→ Data supplied:
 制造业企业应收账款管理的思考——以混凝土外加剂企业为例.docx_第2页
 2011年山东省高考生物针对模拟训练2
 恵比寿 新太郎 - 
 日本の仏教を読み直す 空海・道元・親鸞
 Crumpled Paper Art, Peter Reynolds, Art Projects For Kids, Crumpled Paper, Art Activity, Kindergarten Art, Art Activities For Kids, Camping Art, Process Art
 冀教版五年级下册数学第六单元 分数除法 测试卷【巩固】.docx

--

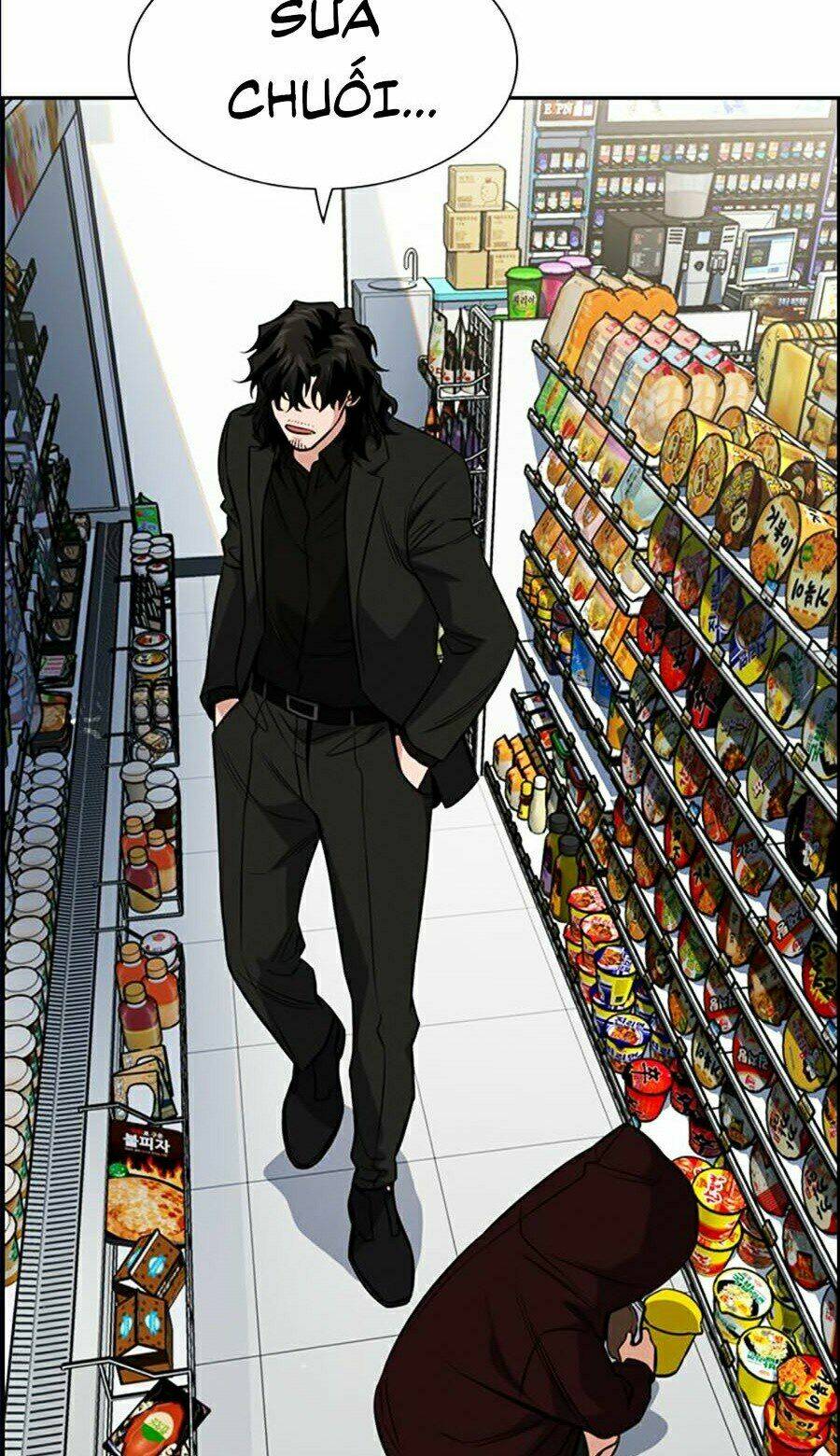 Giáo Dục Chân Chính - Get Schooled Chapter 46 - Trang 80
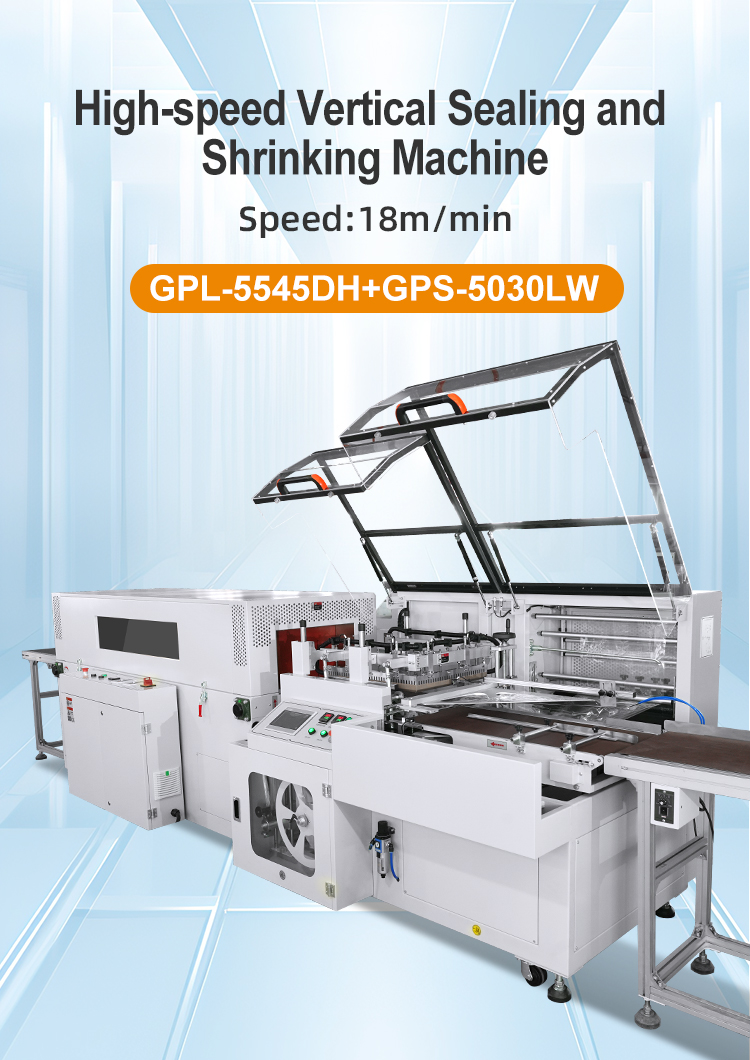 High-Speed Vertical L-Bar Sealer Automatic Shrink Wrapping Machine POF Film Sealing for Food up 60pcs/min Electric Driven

→ What to do: Retype exactly the lines above, from the one with "制造业企业应收账款管理的思考——以混凝土外加剂企业为例.docx_第2页" through the one with "冀教版五年级下册数学第六单元 分数除法 测试卷【巩固】.docx", inclusive.

→ Task output:
 制造业企业应收账款管理的思考——以混凝土外加剂企业为例.docx_第2页
 2011年山东省高考生物针对模拟训练2
 恵比寿 新太郎 - 
 日本の仏教を読み直す 空海・道元・親鸞
 Crumpled Paper Art, Peter Reynolds, Art Projects For Kids, Crumpled Paper, Art Activity, Kindergarten Art, Art Activities For Kids, Camping Art, Process Art
 冀教版五年级下册数学第六单元 分数除法 测试卷【巩固】.docx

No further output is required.